Writes intrinsic and extrinsic camera parameters to a file in sfm format.

Parameters:

Name	Type	Description	Default
cam_file	str	The file to be writen to.	required
intrinsics	ndarray	Camera intrinsic data to be written.	required
extrinsics	ndarray	Camera extrinsic data to be written.	required

Source code in src/cvt/io.py

def write_cam_sfm(cam_file: str, intrinsics: np.ndarray, extrinsics: np.ndarray) -> None:
    """Writes intrinsic and extrinsic camera parameters to a file in sfm format.

    Parameters:
        cam_file: The file to be writen to.
        intrinsics: Camera intrinsic data to be written.
        extrinsics: Camera extrinsic data to be written.
    """
    with open(cam_file, "w") as f:
        f.write('extrinsic\n')
        for i in range(0, 4):
            for j in range(0, 4):
                f.write(str(extrinsics[i][j]) + ' ')
            f.write('\n')
        f.write('\n')

        f.write('intrinsic\n')
        for i in range(0, 3):
            for j in range(0, 3):
                f.write(str(intrinsics[i][j]) + ' ')
            f.write('\n')

write_matrix(M, mat_file)

Writes a single matrix to a file.

Parameters:

Name	Type	Description	Default
M	ndarray	Matrix to be stored.	required
mat_file	str	Output file where the given matrix is to be writen.	required

Source code in src/cvt/io.py

def write_matrix(M: np.ndarray, mat_file: str) -> None:
    """Writes a single matrix to a file.

    Parameters:
        M: Matrix to be stored.
        mat_file: Output file where the given matrix is to be writen.
    """
    with open(mat_file, "w") as f:
        for row in M:
            for e in row:
                f.write("{} ".format(e))
            f.write("\n")

write_mesh(mesh_file, mesh)

Writes a mesh to a file.

Parameters:

Name	Type	Description	Default
mesh_file	str	Output mesh file.	required
mesh	TriangleMesh	Mesh to be stored.	required

Source code in src/cvt/io.py

def write_mesh(mesh_file: str, mesh: o3d.geometry.TriangleMesh) -> None:
    """Writes a mesh to a file.

    Parameters:
        mesh_file: Output mesh file.
        mesh: Mesh to be stored.
    """
    return o3d.io.write_triangle_mesh(mesh_file, mesh)

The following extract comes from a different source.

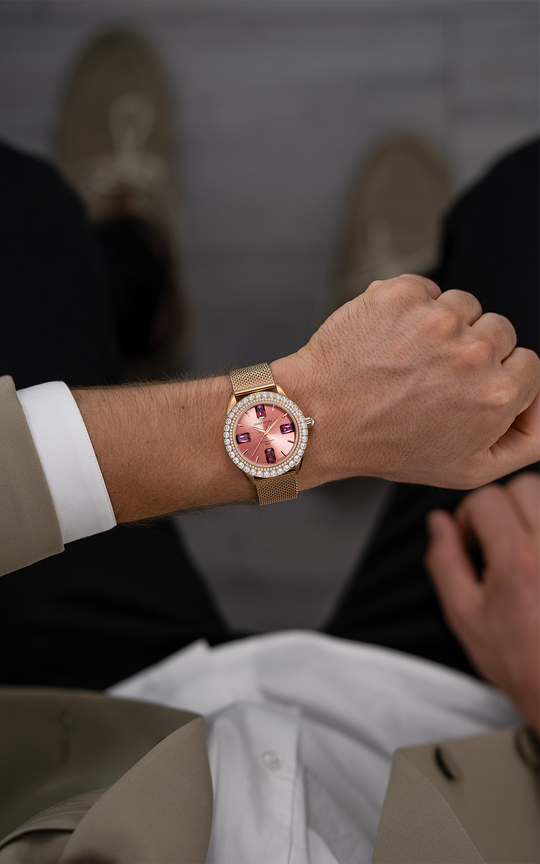 Trulli Automatic / Mesh Strap, Swiss Movement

write_pfm(pfm_file, data_map, scale=1.0)

Writes a data map to a file in *.pfm format.

Parameters:

Name	Type	Description	Default
pfm_file	str	Output *.pfm file to store the data map.	required
data_map	ndarray	Data map to be stored.	required
scale	float	Value used to scale the data map.	1.0

Source code in src/cvt/io.py

def write_pfm(pfm_file: str, data_map: np.ndarray, scale: float = 1.0) -> None:
    """Writes a data map to a file in *.pfm format.

    Parameters:
        pfm_file: Output *.pfm file to store the data map.
        data_map: Data map to be stored.
        scale: Value used to scale the data map.
    """
    with open(pfm_file, 'wb') as pfm_file:
        color = None

        if data_map.dtype.name != 'float32':
            raise Exception('Image dtype must be float32.')

        data_map = np.flipud(data_map)

        if len(data_map.shape) == 3 and data_map.shape[2] == 3: # color data_map
            color = True
        elif len(data_map.shape) == 2 or (len(data_map.shape) == 3 and data_map.shape[2] == 1): # greyscale
            color = False
        else:
            raise Exception('Image must have H x W x 3, H x W x 1 or H x W dimensions.')

        a = 'PF\n' if color else 'Pf\n'
        b = '%d %d\n' % (data_map.shape[1], data_map.shape[0])

        pfm_file.write(a.encode('iso8859-15'))
        pfm_file.write(b.encode('iso8859-15'))

        endian = data_map.dtype.byteorder

        if endian == '<' or endian == '=' and sys.byteorder == 'little':
            scale = -scale

        c = '%f\n' % scale
        pfm_file.write(c.encode('iso8859-15'))

        data_map_string = data_map.tostring()
        pfm_file.write(data_map_string)